Recuerdo con especial cariño a una prima tercera, cuarta, quinta o sexta, que por la época tendría 18 años, cargándome hacia el alto mundo visual de los adultos, estatura que yo nunca alcanzaría, para poder divisar un coqueto cadáver que sacaban de una tumba con sus uñas rojas y cabellos largos. Para mi era una maravilla presenciar tan de cerca a La Flaca y enorgullecerme de ser una pequeña niña sin miedo; años después descubriría que el cabello y las uñas de los muertos no crece, que es un mito, que solo sucede en las películas y en los libros, que solo es una ilusión que sucede por la carne que se retrae, que para que haya crecimiento es necesario que hayan células vivas, y algo después ya no me reiría tan fácilmente de la muerte. 

Siendo adolescente, cuando una amiga enterró a su hermano, y de paso su corazón, fui con ella y un grupo de amigos a una especie de cantina cerca de la sala de velación. Recuerdo risas, hablábamos de las cosas de su hermano, algo sobre su armario, recuerdo risas, pero no sé exactamente de qué nos reíamos tanto. La situación no era graciosa, después ella lloró mucho, después vino la resignación; por quien ella hubiera vendido su alma a cualquier religión que lo mantuviera vivo, se había ido y no había remedio. 

Al cementerio central de Bogotá fui de turista, la familia con la que estaba recorriendo la ciudad sí tenía a un amigo descansando entre las paredes húmedas, como muchos otros, custodiado por palomas que reposaban, una a una en cada columna al frente de las bóvedas.

Reímos a carcajadas, reímos porque nos daba miedo. El cementerio se convirtió en un lugar para despertar historias en las que el pavor nos podía hacer orinar de la risa; de paso, torpes y felices, tumbamos las flores de una pobre alma, nos asustamos de nosotros mismos, reímos aun más, mientras un niño más terrorífico que el de la película El Resplandor montando en su triciclo, caminaba en medio de nosotros llevando un coche con un bebé y para colmo tarareaba una canción.
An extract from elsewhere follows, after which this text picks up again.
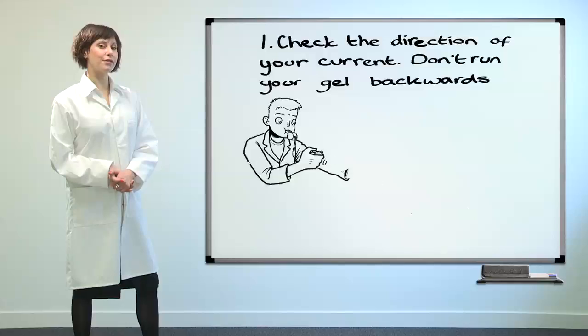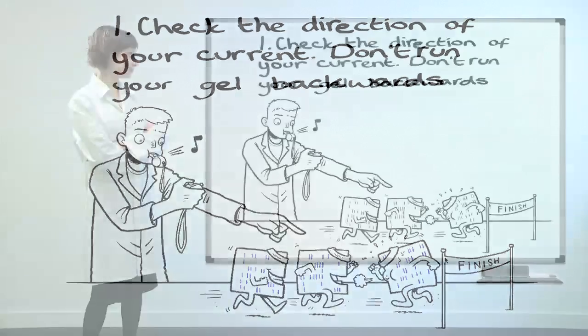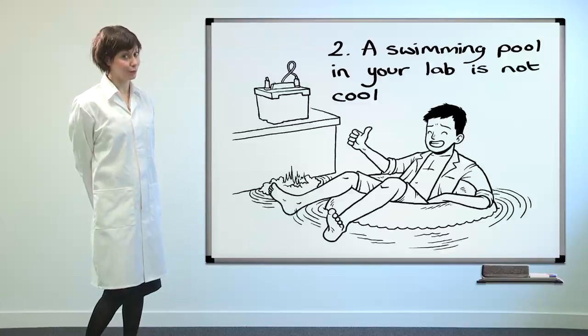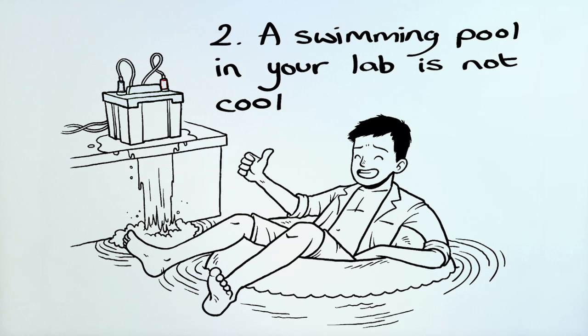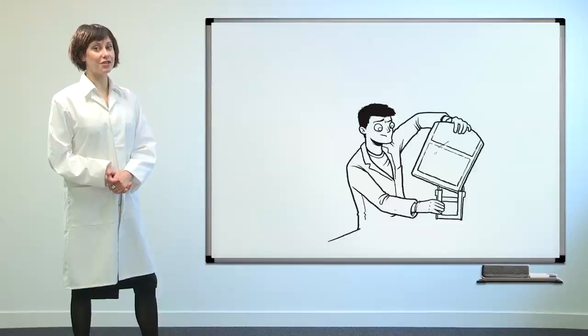Check the direction of your current — don't run your gel backwards. A swimming pool in your lab is not cool. Make sure you have the right size gel to start with.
Sólo faltaba que las llantas del coche chirriaran a coro. Nos tragamos las risas cuando llegó a donde estaba su madre, quien nos dirigió una mirada como de quien te quiere muerto.

Una paloma negra nos vigilaba desde uno de los osarios destapados, yacía sin importarle que el sitio estuviera destinado para el reposo de un muerto, otras mensajeras aladas copulaban sin pudor en las columnas y luego comenzó a llover a cántaros, parecía que todo estaba escrito para que nuestra visita al cementerio fuera con todas las de la ley, sin embargo lo más parecido a una niebla tenebrosa esparciéndose por el lugar con el caer de la tarde, fue un olor fuerte a bazuco que colmó los pasillos. 

El asombro pronto menguó la risa, al descubrir un gran sequito de personas que hablaban con las estatuas de los mausoleos, haciendo de Leo Kopp un santo, susurrándole al oído, gastándole su oreja dorada, frotando billetes de veinte mil contra la tumba azul de Julio Garavito, aquel que le dio su nombre a un cráter al lado oscuro de la luna, que ahora se había convertido un santo dador; pegando gomitas en los dedos y bocas de las estatuas de dos niños, a los que se les pide prosperidad para los hijos y pagando misas a curas de dudosa procedencia para darle gracias a estos nuevos santos canonizados por las creencias populares.

No sé si la risa y el asombro me acompañen a otras visitas que tenga que hacer al cementerio, no sé si la risa que me acompañó hasta ahora fuera en realidad una reacción nerviosa, una protección contra la realidad, pero creo que si La Flaca es como la pintan y si está pelada hasta los huesos, tiene una sonrisa eterna.